The issue was particularly divisive in Quebec, and the NDP saw an immediate slump in the polls following the debate.

Mulcair admits that it was a turning point in the election.

“I knew it was going to cost us seats. And it was interesting because that’s the way a campaign works. You have time to talk to some of your senior people, and it was fascinating to talk to people even in downtown Toronto saying look, this is the lay of the land, this is the position we’re going to take, this is the probable result. And their strength and their integrity was inspiring, because they said don’t back down, that’s us, those are our principles.”

Former Ontario MPP Jagmeet Singh replaced Mulcair as federal NDP leader last fall. Singh has been criticized for his relatively low profile on Parliament Hill, where he does not hold an elected seat in the House of Commons.

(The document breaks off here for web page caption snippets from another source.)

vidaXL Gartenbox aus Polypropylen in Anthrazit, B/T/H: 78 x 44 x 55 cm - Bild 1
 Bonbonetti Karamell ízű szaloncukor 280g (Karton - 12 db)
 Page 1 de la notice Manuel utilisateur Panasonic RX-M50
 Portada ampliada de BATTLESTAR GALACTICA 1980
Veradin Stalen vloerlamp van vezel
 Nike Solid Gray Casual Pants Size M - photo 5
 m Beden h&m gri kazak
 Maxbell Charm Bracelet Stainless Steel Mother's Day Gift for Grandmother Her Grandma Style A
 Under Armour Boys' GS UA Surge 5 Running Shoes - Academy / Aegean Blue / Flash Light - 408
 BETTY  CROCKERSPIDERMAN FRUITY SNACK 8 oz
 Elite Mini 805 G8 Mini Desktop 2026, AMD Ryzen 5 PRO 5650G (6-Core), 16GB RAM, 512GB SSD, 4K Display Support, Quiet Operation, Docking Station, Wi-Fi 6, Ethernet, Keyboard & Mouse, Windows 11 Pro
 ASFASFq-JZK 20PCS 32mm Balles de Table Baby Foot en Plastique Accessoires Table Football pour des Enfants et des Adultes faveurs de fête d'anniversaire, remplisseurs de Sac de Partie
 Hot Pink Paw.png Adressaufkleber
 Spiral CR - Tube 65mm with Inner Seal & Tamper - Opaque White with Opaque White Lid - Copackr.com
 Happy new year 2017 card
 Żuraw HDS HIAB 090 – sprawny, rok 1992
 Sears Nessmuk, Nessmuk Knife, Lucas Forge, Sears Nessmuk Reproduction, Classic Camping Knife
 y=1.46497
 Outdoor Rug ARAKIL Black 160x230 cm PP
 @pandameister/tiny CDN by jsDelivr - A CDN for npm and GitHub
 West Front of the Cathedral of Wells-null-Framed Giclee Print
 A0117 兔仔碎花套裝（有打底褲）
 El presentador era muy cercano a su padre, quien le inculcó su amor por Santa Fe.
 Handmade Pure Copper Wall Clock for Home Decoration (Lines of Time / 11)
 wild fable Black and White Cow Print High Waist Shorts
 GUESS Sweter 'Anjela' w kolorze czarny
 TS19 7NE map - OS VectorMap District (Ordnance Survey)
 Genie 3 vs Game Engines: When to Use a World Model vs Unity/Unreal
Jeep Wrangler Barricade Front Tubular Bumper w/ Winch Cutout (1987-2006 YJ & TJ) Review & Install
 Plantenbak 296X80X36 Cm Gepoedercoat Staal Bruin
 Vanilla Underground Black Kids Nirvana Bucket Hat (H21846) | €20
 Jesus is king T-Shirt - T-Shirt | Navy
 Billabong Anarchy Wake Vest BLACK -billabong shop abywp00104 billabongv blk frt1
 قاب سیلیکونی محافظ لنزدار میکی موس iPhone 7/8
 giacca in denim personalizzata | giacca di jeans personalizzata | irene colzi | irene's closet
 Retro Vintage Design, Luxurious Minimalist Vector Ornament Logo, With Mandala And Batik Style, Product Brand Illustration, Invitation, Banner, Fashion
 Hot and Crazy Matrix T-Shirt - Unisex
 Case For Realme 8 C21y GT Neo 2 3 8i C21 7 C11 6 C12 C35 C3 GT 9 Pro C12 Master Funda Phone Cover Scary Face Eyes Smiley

Mulcair said there are rumblings that Singh may run for a byelection in B.C., which he suggested would be wise.

“I think that Canadians have to get to know him better. He’s got tremendous personal qualities, he’s very charismatic, he’s very telegenic. And he’s smart. He grasps stuff quickly. But people just don’t get to see him.”

Asked if he’d offer any pointers for Singh, Mulcair joked that he’s not “his mother-in-law,” but said “if he does call me for advice, I’ll be glad to help him.”

Mulcair is leaving politics to enter a career in academia. He will join the political science department at the Universitie de Montreal, where he will teach students in a new master of environment and sustainable development program.

What his colleagues said

Politicians from across the aisle celebrated Muclair’s last day with speeches that touched on his accomplishments, his character, and, of course, his beard.

Conservative MP Lisa Raitt said Muclair served his constituents with “dignity and respect.”

“His most lasting contribution, the moment at which he truly changed this Parliament for future generations, is when he had the courage to stand for what he believed in, speak truth to power, to do politics differently, and refuse to shave ever,” she said.

“Dare I say it, that not since Abraham Lincoln have such wonderful whiskers become so entwined with a political personality.”

On a more serious note, Raitt said Mulcair earned a reputation for holding other politicians – Conservatives in particular – to account.

“And while the member proved how skilled he was in the House of Commons, mainly at the expense of my former government, that’s not my lasting memory. For me, I will always remember the member for two things: his humour, and his humanity.”

Minister of Transport Marc Garneau thanked Mulcair for “his profound dedication and service to our country.”

“This individual has made a remarkable impact on the lives of Canadians, particularly in Quebec, and has challenged governments to strive to ensure that every Canadian has an opportunity to succeed. There is no doubt that we are all the stronger for it,” he said.

“I feel like it might even be a little bit quiet after his departure,” he joked.

NDP MP Guy Caron praised Mulcair’s ability to connect with everyday people and make them feel “not only that he understands them, but that he will fight for them. And fight he did.”

“His prosecution day after day after day of the Stephen Harper government has been a hallmark of Parliamentary history,” Caron said.

Green Party Leader Elizabeth May said that “the bravest thing we ever saw” was Mulcair’s famous answer on the niqab during the French-language debate.

“And I want to thank the honourable member again for taking a strong stand on the very divisive niqab debate.”